Sesame Banana Bread
Recipe & Photography: Emily Lawrence
The mellow flavours of tahini, banana and a hint of cardamom make for a satisfying breakfast or snack on the go. A great way to use up spotted and mushy bananas!
Yield: One Loaf
INGREDIENTS
1½ cups all-purpose flour
½ tsp salt
1 tsp baking soda
½ tsp ground cardamom
3 large very ripe bananas
⅓ cup melted coconut oil or vegetable oil
1 tsp toasted sesame oil
2 large eggs
⅓ cup Nuts to You Tahini
⅓ cup white sugar, plus ½ tsp to sprinkle on top
⅓ cup brown sugar, packed
2 tsp vanilla extract
1 tsp white and/or black sesame seeds
INSTRUCTIONS
Preheat oven to 350ºF. Line an 8½” x 4½” x 2½” loaf pan with parchment paper or lightly grease.
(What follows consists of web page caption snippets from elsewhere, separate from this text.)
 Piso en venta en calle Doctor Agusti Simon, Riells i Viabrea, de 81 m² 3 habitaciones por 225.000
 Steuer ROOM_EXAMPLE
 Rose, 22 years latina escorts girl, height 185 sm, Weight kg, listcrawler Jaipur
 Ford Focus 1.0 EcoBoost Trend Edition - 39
In a medium bowl, whisk together flour, salt, baking soda and cardamom.
In a large bowl, mash bananas with a fork until smooth. Add oil, sesame oil, eggs, Tahini, both sugars and vanilla. Whisk together, mixing until well combined and smooth.
Add dry ingredients to wet ingredients. Fold to combine until all flour is absorbed.
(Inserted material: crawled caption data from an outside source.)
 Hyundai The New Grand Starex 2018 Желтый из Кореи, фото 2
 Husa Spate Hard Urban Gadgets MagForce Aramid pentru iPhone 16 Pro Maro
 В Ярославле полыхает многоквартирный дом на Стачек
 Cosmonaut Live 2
Pour batter into prepared loaf pan and flatten with a spatula or back of a spoon.
Mix sesame seeds together with ½ tsp sugar. Sprinkle on top of batter.
Bake for 45 to 50 minutes or until an inserted toothpick comes out clean.
Let cool in the pan for at least 30 minutes. Remove from pan and slice.
Can be stored (covered or wrapped) at room temperature for up to 4 days.